May 31, 2016

Investors Need to Know the Capital Gains Tax Law

What do you know about capital gains tax law?

Having issues with capital gains tax?  If you’re a real estate investor you need to be familiar with the capital gains tax law.  Read the following article to get a brief overview of capital gains tax law for real estate investors.


While housing prices have cooled in many markets, there are still some hotspots. Real estate investors are Gypsies when it comes to turning a quick sale: they will go where the home appreciation rates are still hot.

In recent months they have abandoned Sacramento for parts of Arizona and New Mexico; as a result the sales rates in Sacramento have dropped considerably, along with the appreciation rate. What has not changed in any of the markets is the application of capital gains tax law.
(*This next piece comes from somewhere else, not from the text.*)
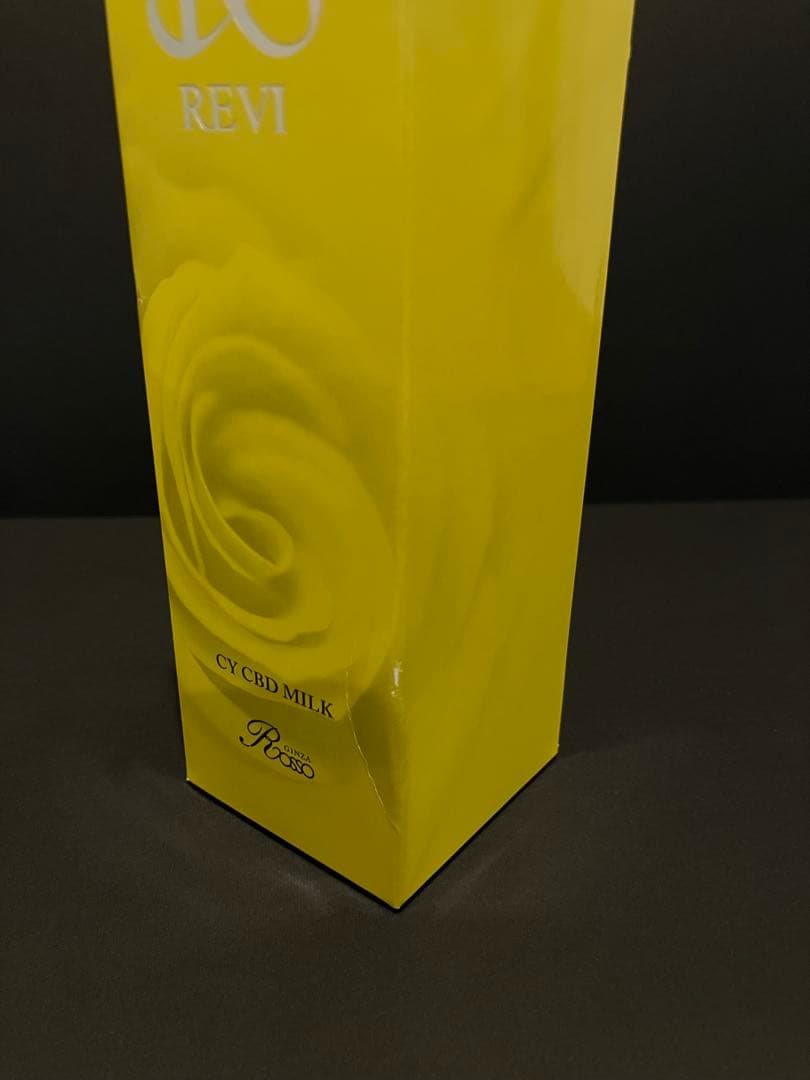 REVI CY CBDミルク　最後の1本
Buying a house and then selling it after a short period may turn a profit for you, but how much of a profit depends on how the IRS views the transaction. Current law still applies a form of capital gains tax law to most home sales, with the rate depending on a couple of factors.

If you owned it for less than a year, the profit will be taxed at your income tax level; for many of us that’s about 35%. If you hold on to it for a year or more, the tax rate on sales profit will be at a lower capital gains rate, usually about 15%.

If and only if the home is regarded as your principal place of residence, up to $ 250,000 in profit – or $ 500,000 if you are married and filing jointly – will be exempt from the capital gains tax on home sale.

In order for a home to qualify as a principal residence, you must have lived in it at least two years out of the last five.

Capital gains tax law also provides that you can defer taxes by exchanging the house you’re flipping for another piece of real estate; known as a like-kind or Section 1031 exchange.

The only restriction is that the property you are trading is an income producing asset and not personal property. Otherwise, you can trade a residence for a commercial property or a structure for a piece of land.

The parameters are fairly broad as long as the house has been a business asset; thus the capital gains tax on home sales do not apply.

There is also a rule of moderation in this practice. If you engage in a lot of real estate acquisition and resale over a relatively short period, the IRS may look upon the sum of all that activity as a business, rather than an investment strategy.

If they chose to do so, the capital gains tax law will not apply and the tax rate on your transactions will be based on the income tax index.

The leveling off in the housing market is going to take a lot of dabblers out of this business.

Nevertheless, if you see continued opportunity in real estate trading it would be wise to consult your tax accountant as to the allowable level of activity and to ascertain the details for each of the rules that define this activity in capital gains tax law.